■ Instructions for the task
Copy out the data word for word, without any of its pictures.

━━━ Information shown

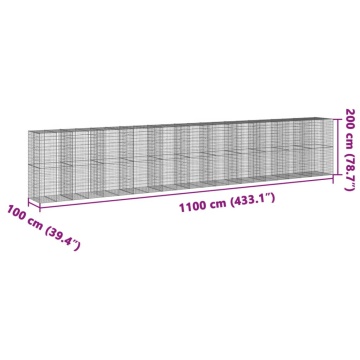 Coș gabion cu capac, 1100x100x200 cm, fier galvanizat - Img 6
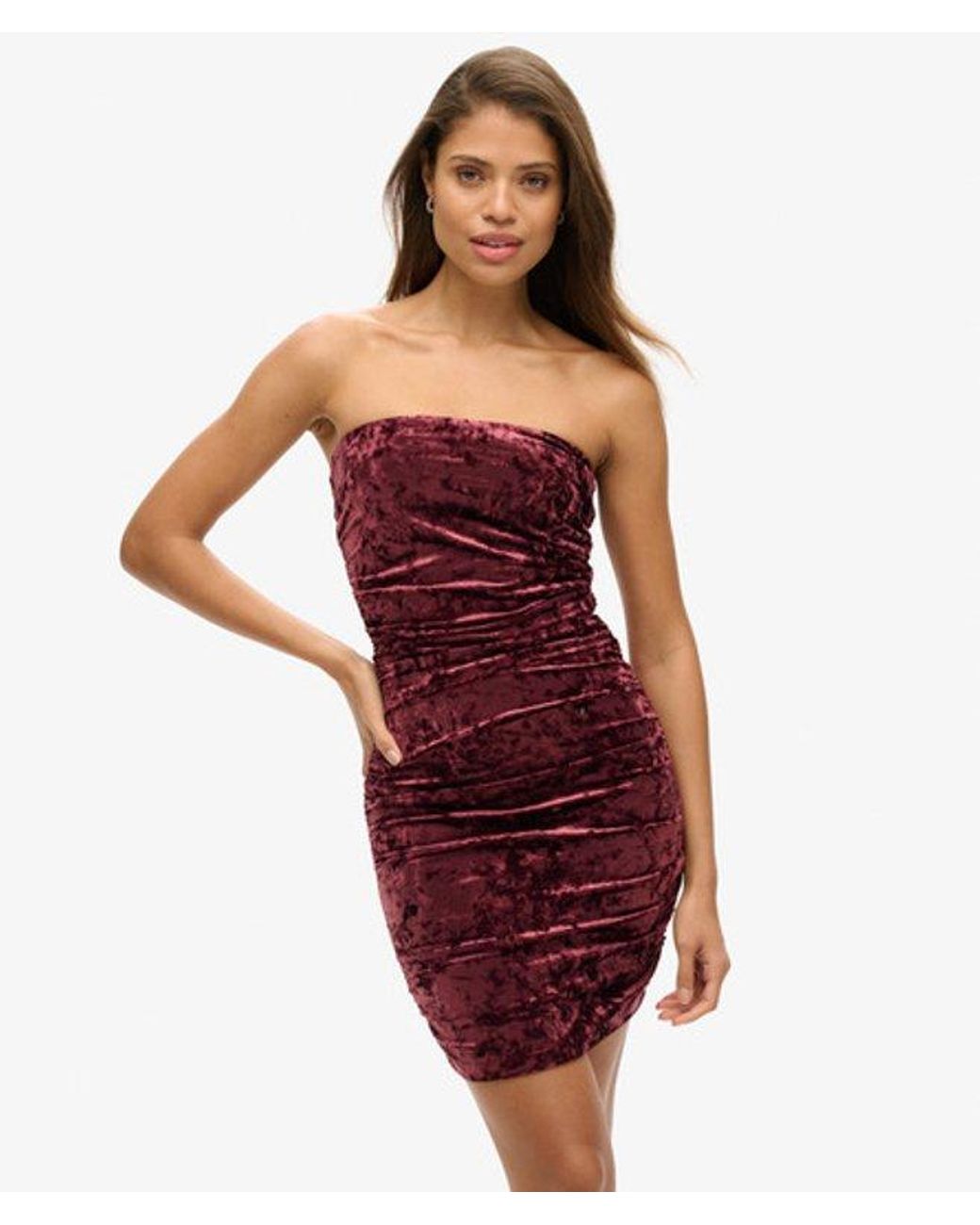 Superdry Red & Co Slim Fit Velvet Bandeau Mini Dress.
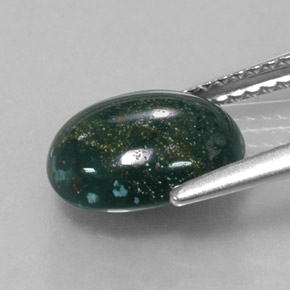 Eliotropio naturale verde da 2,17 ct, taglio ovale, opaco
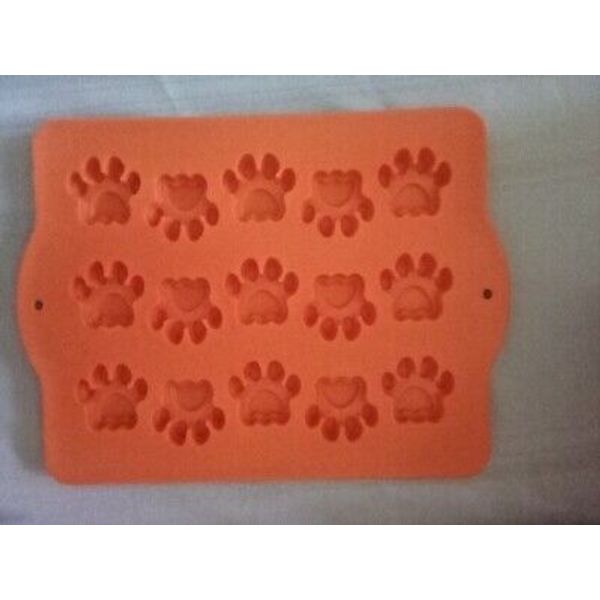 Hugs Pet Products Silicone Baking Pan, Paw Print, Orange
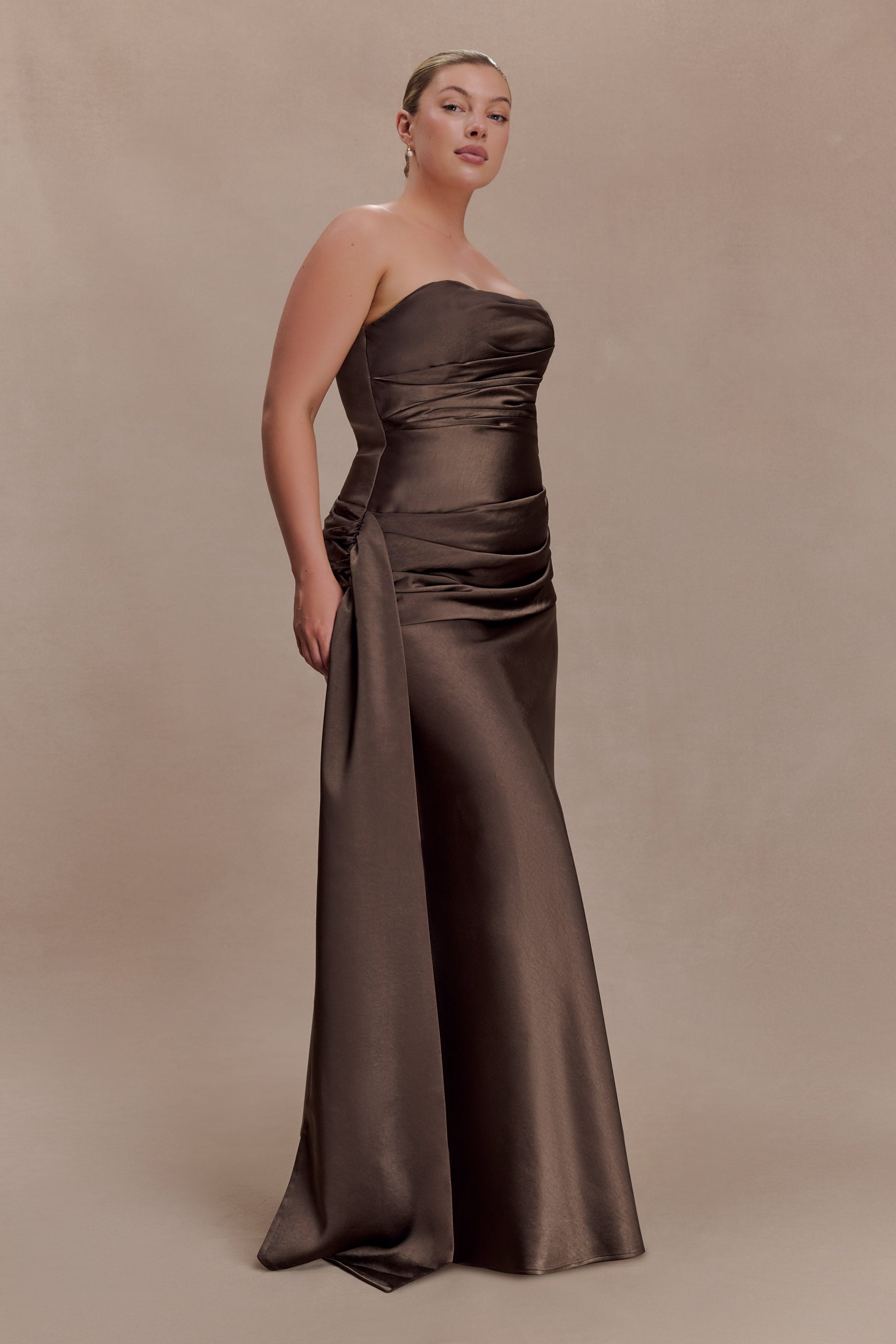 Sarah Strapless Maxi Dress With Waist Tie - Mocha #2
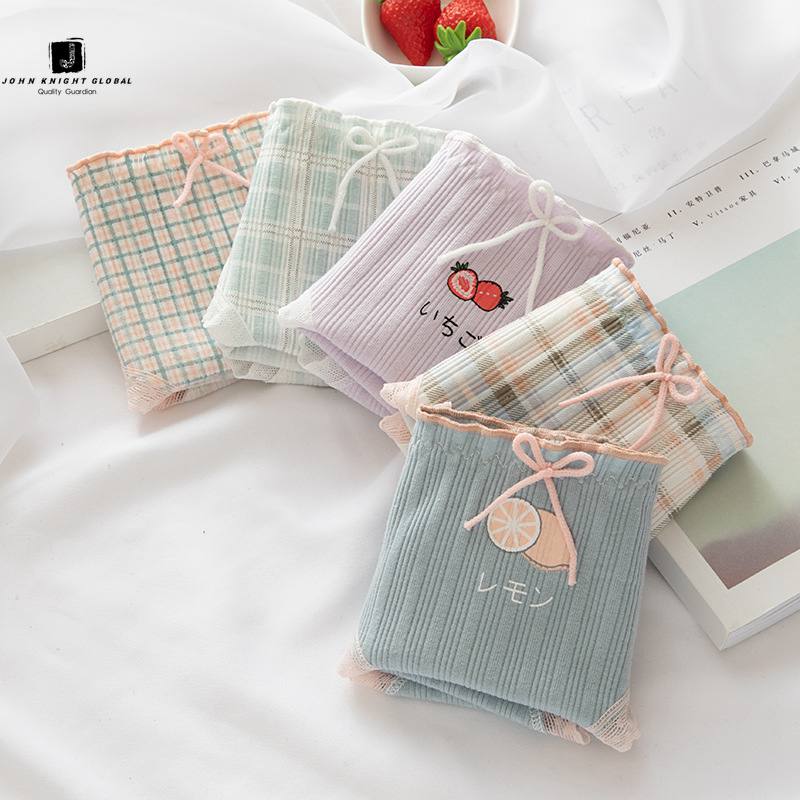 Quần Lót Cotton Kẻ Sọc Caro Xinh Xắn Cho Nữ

━━━━━━

■ Exercise response
 Coș gabion cu capac, 1100x100x200 cm, fier galvanizat - Img 6
 Superdry Red & Co Slim Fit Velvet Bandeau Mini Dress.
 Eliotropio naturale verde da 2,17 ct, taglio ovale, opaco
 Hugs Pet Products Silicone Baking Pan, Paw Print, Orange
 Sarah Strapless Maxi Dress With Waist Tie - Mocha #2
 Quần Lót Cotton Kẻ Sọc Caro Xinh Xắn Cho Nữ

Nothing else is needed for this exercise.